Collection entries:

—————

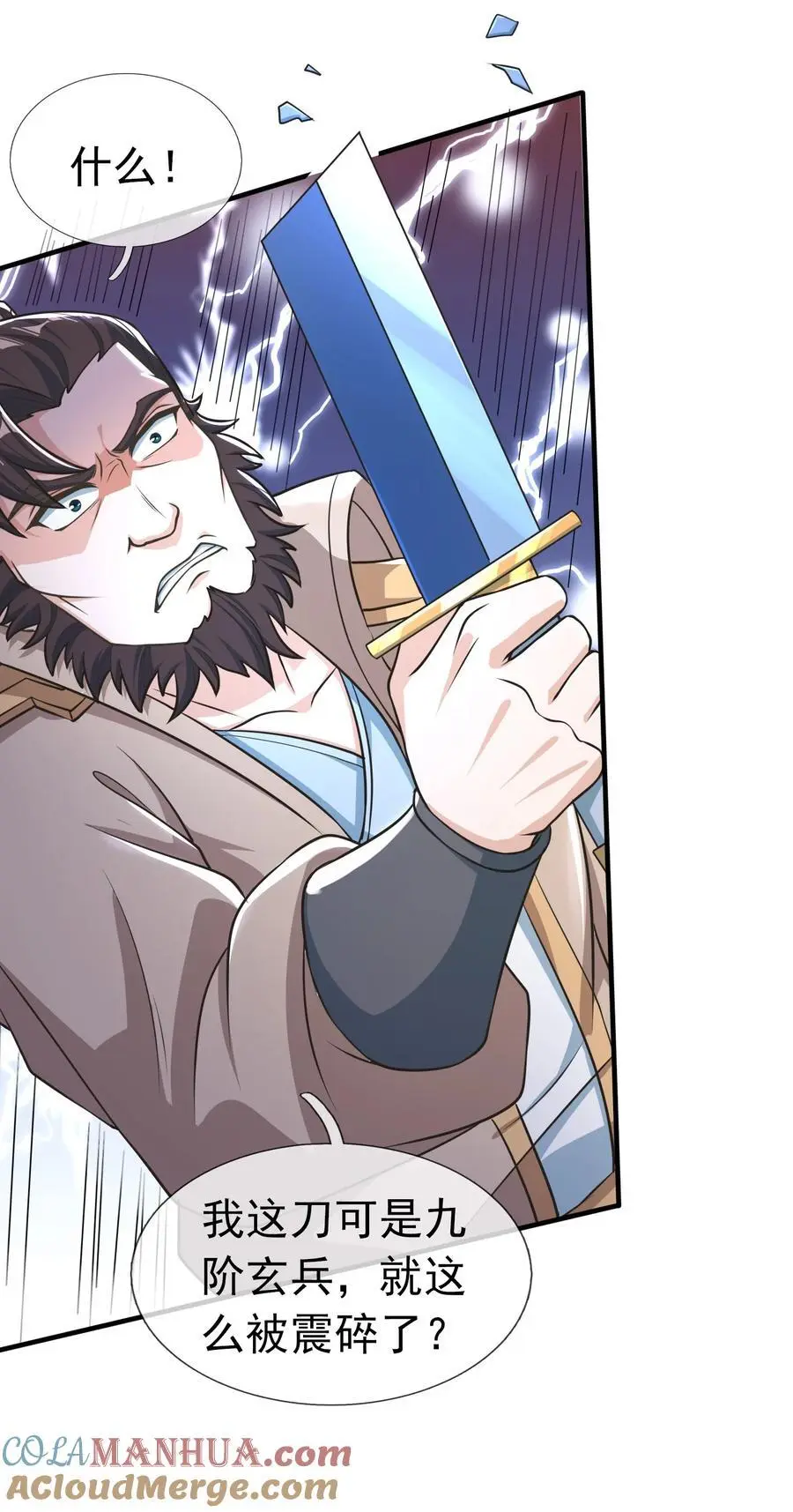 收徒亿万返还：为师无敌世间漫画,第58话 圣级法宝！1图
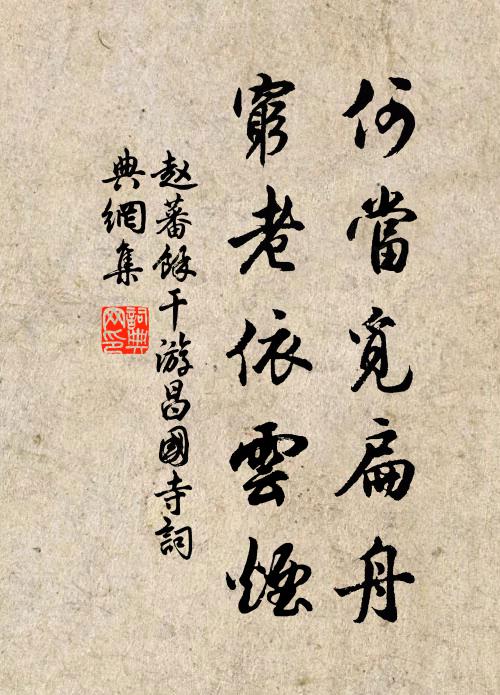 赵蕃何当觅扁舟，穷老依云烟书法作品欣赏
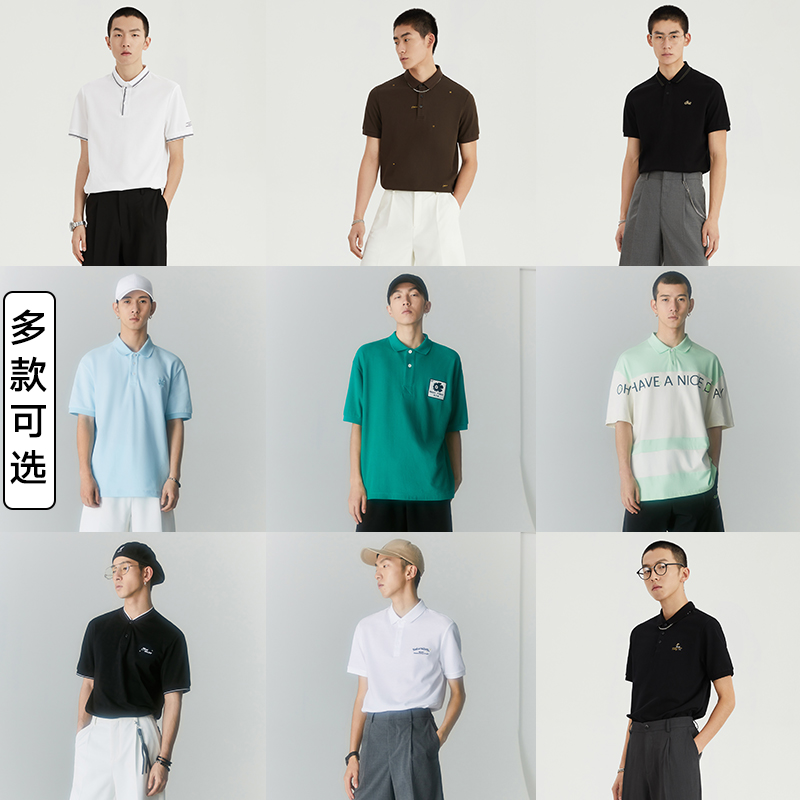 GXG 男式短袖Polo衫 天猫优惠券折后￥74包邮（￥300-226）多款可选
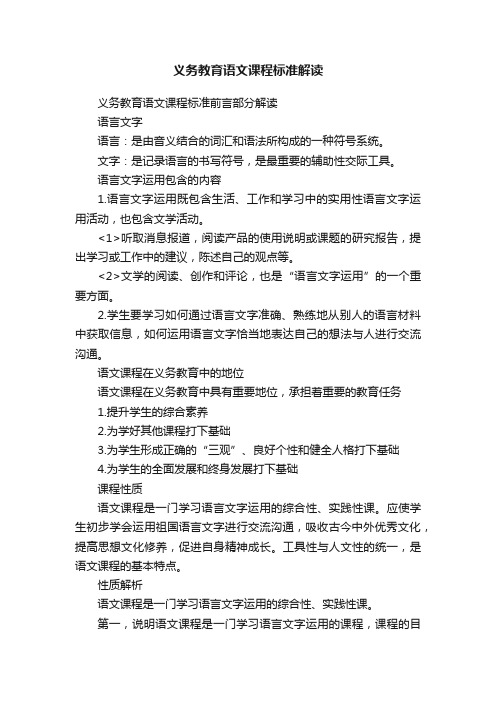 义务教育语文课程标准解读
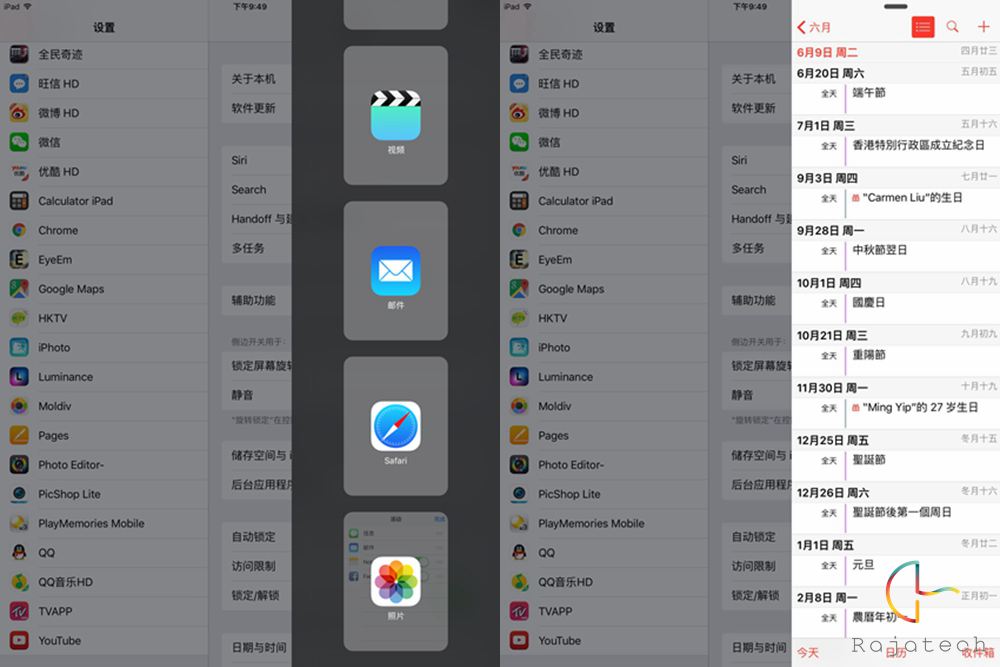 竟能記錄性生活，蘋(píng)果iOS9上手玩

—————

[What you will do] Pictures aside, reproduce every record exactly as it stands.

[Response to the task]
 收徒亿万返还：为师无敌世间漫画,第58话 圣级法宝！1图
 赵蕃何当觅扁舟，穷老依云烟书法作品欣赏
 GXG 男式短袖Polo衫 天猫优惠券折后￥74包邮（￥300-226）多款可选
 义务教育语文课程标准解读
 竟能記錄性生活，蘋(píng)果iOS9上手玩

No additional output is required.